**Your objective**. Every line below should be repeated exactly as written.

**Source information**.
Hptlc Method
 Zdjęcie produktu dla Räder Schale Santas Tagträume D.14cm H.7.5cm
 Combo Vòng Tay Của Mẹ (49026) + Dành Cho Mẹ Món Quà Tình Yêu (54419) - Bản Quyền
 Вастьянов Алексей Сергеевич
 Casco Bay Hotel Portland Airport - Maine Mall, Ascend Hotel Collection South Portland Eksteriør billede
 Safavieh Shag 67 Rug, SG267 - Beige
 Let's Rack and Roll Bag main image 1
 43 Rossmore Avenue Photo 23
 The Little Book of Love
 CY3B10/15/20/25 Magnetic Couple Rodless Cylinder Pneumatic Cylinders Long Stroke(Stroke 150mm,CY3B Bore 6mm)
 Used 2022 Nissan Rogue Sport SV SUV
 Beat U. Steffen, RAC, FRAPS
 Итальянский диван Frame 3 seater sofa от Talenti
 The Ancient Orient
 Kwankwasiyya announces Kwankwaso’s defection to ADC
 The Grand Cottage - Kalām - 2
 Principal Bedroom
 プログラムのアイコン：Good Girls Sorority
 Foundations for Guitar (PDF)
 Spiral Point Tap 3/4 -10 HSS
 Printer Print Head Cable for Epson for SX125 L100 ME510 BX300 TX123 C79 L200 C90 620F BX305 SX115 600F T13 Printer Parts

**Exercise solution**.
Hptlc Method
 Zdjęcie produktu dla Räder Schale Santas Tagträume D.14cm H.7.5cm
 Combo Vòng Tay Của Mẹ (49026) + Dành Cho Mẹ Món Quà Tình Yêu (54419) - Bản Quyền
 Вастьянов Алексей Сергеевич
 Casco Bay Hotel Portland Airport - Maine Mall, Ascend Hotel Collection South Portland Eksteriør billede
 Safavieh Shag 67 Rug, SG267 - Beige
 Let's Rack and Roll Bag main image 1
 43 Rossmore Avenue Photo 23
 The Little Book of Love
 CY3B10/15/20/25 Magnetic Couple Rodless Cylinder Pneumatic Cylinders Long Stroke(Stroke 150mm,CY3B Bore 6mm)
 Used 2022 Nissan Rogue Sport SV SUV
 Beat U. Steffen, RAC, FRAPS
 Итальянский диван Frame 3 seater sofa от Talenti
 The Ancient Orient
 Kwankwasiyya announces Kwankwaso’s defection to ADC
 The Grand Cottage - Kalām - 2
 Principal Bedroom
 プログラムのアイコン：Good Girls Sorority
 Foundations for Guitar (PDF)
 Spiral Point Tap 3/4 -10 HSS
 Printer Print Head Cable for Epson for SX125 L100 ME510 BX300 TX123 C79 L200 C90 620F BX305 SX115 600F T13 Printer Parts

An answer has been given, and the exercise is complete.